This post is part 4 in our sequence on Modeling Transformative AI Risk. We are building a model to understand debates around existential risks from advanced AI. The model is made with Analytica software, and consists of nodes (representing key hypotheses and cruxes) and edges (representing the relationships between these cruxes), with final outputs corresponding to the likelihood of various potential failure scenarios. You can read more about the motivation for our project and how the model works in the Introduction post. The previous post in the sequence, Paths to High-Level Machine Intelligence, investigated how and when HLMI will be developed.
We are interested in feedback on this post, especially in places where the model does not capture your views or fails to include an uncertainty that you think could be an important crux. Similarly, if an explanation seems confused or confusing, flagging this is useful – both to help us clarify, and to ensure it doesn’t reflect an actual disagreement.
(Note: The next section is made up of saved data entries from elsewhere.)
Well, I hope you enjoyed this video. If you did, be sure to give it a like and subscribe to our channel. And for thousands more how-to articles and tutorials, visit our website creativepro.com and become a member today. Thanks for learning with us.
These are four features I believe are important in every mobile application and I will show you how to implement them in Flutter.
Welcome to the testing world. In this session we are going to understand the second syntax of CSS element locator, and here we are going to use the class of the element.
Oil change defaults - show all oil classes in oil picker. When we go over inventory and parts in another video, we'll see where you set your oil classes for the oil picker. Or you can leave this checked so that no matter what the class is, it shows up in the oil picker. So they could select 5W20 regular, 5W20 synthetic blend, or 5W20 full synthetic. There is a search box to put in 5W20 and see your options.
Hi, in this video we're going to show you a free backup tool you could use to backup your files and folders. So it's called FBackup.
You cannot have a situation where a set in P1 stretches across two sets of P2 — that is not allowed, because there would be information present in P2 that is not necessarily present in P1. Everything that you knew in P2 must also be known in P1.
The goal of this part of the model is to describe the different potential characteristics of a transition from (pre-)HLMI¹ to superintelligent AI (i.e., “AI takeoff”). We also aim to clarify the relationships between these characteristics, and explain what assumptions they are sensitive to.
As shown in the above image, the relevant sections of the model (circled in light blue) take inputs primarily from these modules:
Analogies and General Priors on Intelligence – this module concerns both arguments that compare HLMI development with other, previous developments (for example, the evolution of human intelligence, current progress in machine learning, and past historical/cultural transitions) and broad philosophical claims about the nature of intelligence
Hardware Overhang – this module concerns whether, at the time HLMI is developed, the amount of hardware required to run HLMI and the availability of such hardware will lead to a situation of “hardware overhang”, where overwhelming hardware resources allow for the first HLMI(s) to be overpowered due to being cheaply duplicated, easily run at a high clock speed, or otherwise rapidly scaled up.
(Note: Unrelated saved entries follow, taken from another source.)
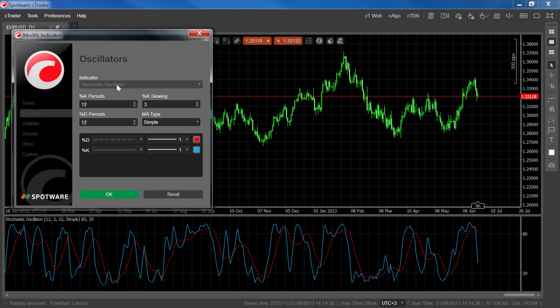Increasing the value of the %K and %D parameters will compare the current close against a longer period of time and lead to smoother lines. While increasing the %K slowing will also help smooth out the K line. In this video, we've chosen blue for the %K line and red for the %D.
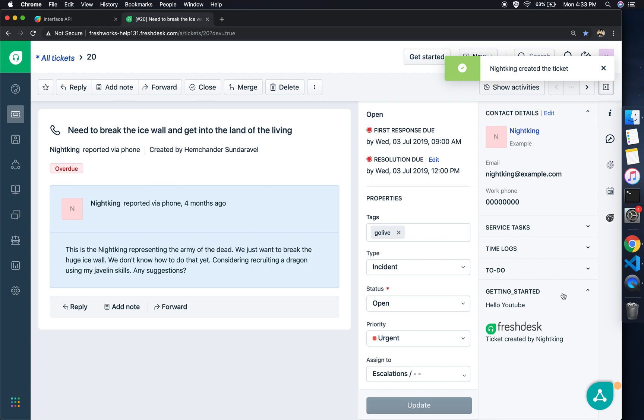So there we go. We saw how we can create a simple app using the FDK, we saw how to run it, and then we added a simple notification feature to the application and got it running. Stay tuned for the upcoming videos. Thanks.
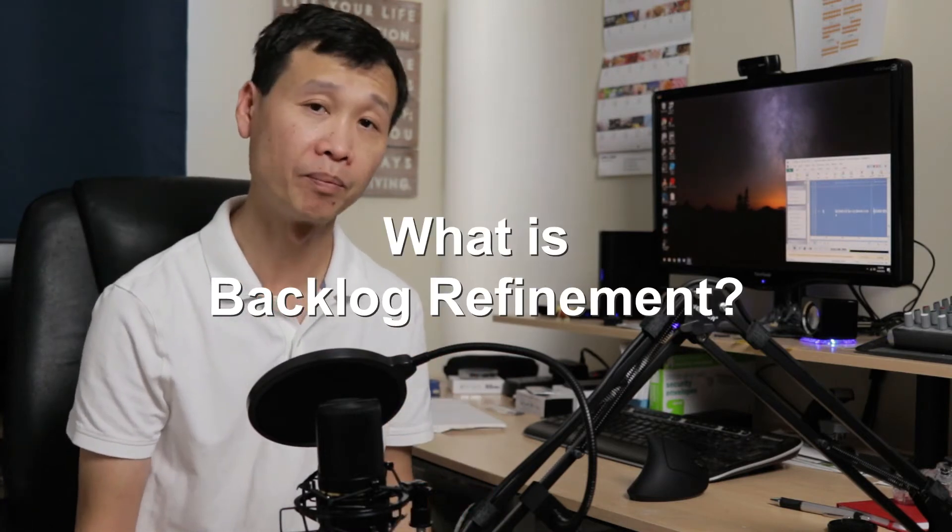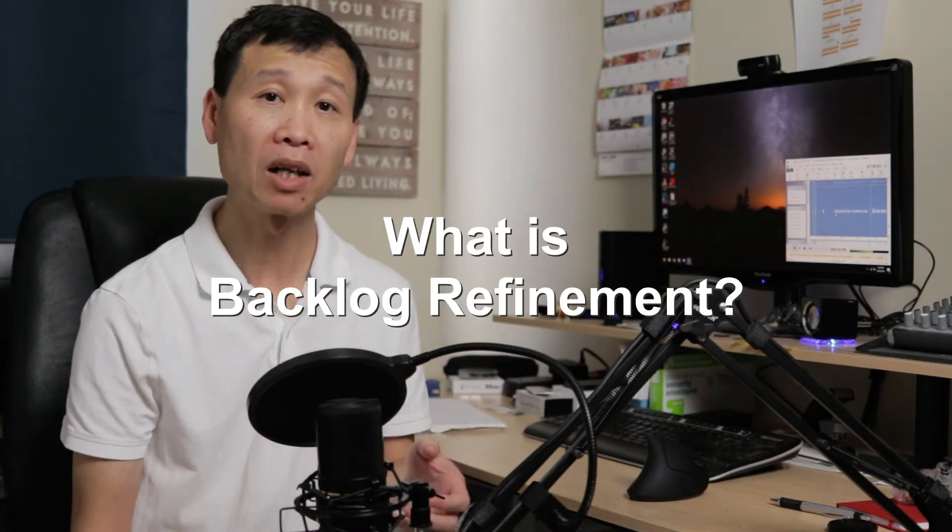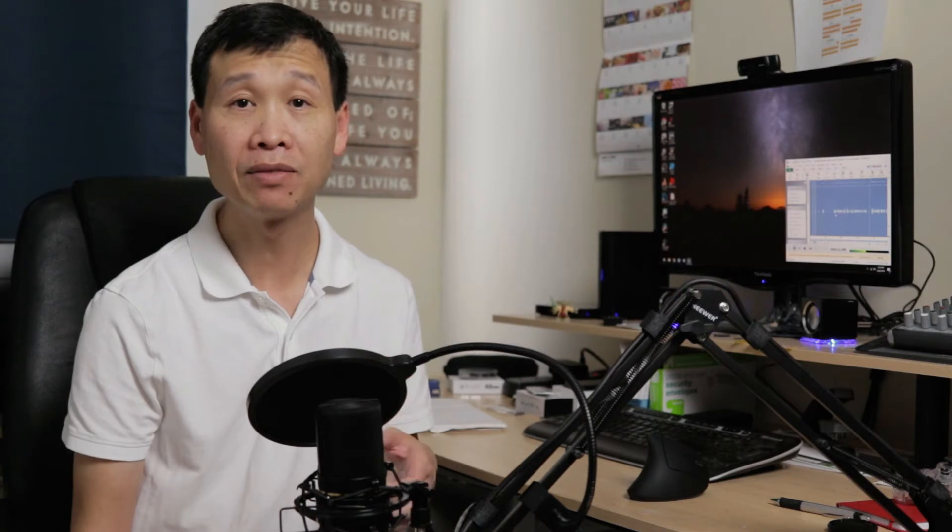So, number one question I often get is, what is Backlog Refinement? Backlog Refinement is an activity that is called out in Scrum Guide. It's an activity that you do where the team tries to refine the stories that are in their backlog.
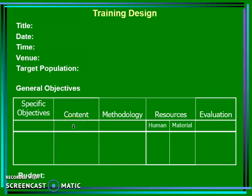The content must be placed in this particular portion. Note that in putting content, it should be bulleted or concise. A separate detailed learning content should be attached with the training design. The methodology is your strategy in carrying out your specific objectives. You should choose a strategy that will encourage participation and entail maximum learning outcomes for your project.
The outputs of the sections of concern in this post, corresponding to the above circled modules, are:
Intelligence Explosion – will a positive feedback loop involving AI capabilities lead these capabilities to grow roughly hyperbolically across a sufficient range, such that the capabilities eventually grow incredibly quickly to an incredibly high level (presumably before plateauing as they approach some fundamental limit)?
Discontinuity around HLMI without self-improvement – will there be a rapid jump in AI capabilities from pre-HLMI AI to HLMI (for instance, if pre-HLMI acts like a machine with missing gears) and/or from HLMI to much higher intelligence (for instance, if a hardware overhang allows for rapid capability gain soon after HLMI)?
Takeoff Speed – how fast will the global economy (or the next closest thing, if this concept doesn’t transfer to a post-HLMI world) grow, once HLMI has matured as a technology?
HLMI is Distributed – will AI capabilities in a post-HLMI world be dispersed among many comparably powerful systems? A negative answer to this node indicates that HLMI capabilities will be concentrated in a few powerful systems (or a single such system).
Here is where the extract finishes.